What to do -> Filter by the string "give": return the lines of the material that contain it.

Material supplied ->
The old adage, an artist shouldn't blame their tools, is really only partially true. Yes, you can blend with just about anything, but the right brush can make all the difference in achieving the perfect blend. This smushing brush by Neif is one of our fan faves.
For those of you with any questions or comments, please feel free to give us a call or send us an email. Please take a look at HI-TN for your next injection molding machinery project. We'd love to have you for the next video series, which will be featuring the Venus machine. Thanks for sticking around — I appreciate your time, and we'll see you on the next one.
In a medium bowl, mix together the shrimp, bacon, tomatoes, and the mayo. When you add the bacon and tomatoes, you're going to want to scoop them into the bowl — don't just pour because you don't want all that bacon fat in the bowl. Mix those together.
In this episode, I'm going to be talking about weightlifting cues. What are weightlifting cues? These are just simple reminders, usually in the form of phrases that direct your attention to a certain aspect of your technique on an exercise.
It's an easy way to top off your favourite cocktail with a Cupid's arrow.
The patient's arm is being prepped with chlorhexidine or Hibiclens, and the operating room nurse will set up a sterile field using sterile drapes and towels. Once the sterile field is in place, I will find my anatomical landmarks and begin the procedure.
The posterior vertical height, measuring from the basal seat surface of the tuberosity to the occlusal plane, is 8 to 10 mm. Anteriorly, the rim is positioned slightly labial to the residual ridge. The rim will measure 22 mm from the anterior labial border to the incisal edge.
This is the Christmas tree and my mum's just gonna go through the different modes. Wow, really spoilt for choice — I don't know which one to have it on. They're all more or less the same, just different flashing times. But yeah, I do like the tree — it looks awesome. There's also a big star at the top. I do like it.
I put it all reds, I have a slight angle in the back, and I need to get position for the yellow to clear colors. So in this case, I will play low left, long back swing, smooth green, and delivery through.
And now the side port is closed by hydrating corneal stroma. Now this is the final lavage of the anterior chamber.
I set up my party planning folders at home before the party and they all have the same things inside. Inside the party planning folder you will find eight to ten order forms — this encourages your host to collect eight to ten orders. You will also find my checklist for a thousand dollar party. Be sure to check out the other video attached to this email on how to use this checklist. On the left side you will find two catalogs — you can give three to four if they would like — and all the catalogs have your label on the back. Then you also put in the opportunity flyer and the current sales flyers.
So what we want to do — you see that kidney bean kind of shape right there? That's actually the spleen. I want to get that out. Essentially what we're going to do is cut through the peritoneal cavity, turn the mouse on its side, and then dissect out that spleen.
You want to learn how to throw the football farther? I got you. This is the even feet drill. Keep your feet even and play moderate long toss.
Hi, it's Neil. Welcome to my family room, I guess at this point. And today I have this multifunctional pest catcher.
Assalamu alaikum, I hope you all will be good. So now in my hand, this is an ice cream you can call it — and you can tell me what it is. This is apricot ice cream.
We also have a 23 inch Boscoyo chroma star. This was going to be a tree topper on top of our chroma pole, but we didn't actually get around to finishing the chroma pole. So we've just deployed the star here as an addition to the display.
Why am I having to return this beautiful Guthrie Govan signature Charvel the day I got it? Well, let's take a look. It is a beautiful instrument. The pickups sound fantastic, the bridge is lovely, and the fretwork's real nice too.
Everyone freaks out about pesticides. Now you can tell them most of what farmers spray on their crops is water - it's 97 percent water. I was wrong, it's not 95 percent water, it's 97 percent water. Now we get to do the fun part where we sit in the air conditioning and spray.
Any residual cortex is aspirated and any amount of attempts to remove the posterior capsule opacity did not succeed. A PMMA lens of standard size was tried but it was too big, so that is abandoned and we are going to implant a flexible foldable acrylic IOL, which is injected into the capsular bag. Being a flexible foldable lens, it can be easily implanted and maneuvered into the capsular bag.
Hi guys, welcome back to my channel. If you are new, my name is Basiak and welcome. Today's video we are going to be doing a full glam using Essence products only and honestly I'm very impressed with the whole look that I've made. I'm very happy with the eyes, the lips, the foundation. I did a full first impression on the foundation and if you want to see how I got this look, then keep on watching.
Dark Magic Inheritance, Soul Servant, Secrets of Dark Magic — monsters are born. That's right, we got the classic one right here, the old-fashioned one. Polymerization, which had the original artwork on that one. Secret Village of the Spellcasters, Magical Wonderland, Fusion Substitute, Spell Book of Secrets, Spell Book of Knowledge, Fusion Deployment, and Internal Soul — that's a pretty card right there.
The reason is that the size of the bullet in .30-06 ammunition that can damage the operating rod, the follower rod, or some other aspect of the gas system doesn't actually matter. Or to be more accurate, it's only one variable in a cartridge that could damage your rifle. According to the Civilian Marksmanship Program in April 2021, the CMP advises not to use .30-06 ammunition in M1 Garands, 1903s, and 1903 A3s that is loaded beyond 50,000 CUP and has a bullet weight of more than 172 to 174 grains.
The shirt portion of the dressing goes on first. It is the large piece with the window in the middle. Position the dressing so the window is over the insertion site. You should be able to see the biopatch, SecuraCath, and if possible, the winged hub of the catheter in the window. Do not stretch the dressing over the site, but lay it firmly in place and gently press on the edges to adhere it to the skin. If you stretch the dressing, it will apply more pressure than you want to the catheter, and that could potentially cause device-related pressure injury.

Output for this task ->
For those of you with any questions or comments, please feel free to give us a call or send us an email. Please take a look at HI-TN for your next injection molding machinery project. We'd love to have you for the next video series, which will be featuring the Venus machine. Thanks for sticking around — I appreciate your time, and we'll see you on the next one.
I set up my party planning folders at home before the party and they all have the same things inside. Inside the party planning folder you will find eight to ten order forms — this encourages your host to collect eight to ten orders. You will also find my checklist for a thousand dollar party. Be sure to check out the other video attached to this email on how to use this checklist. On the left side you will find two catalogs — you can give three to four if they would like — and all the catalogs have your label on the back. Then you also put in the opportunity flyer and the current sales flyers.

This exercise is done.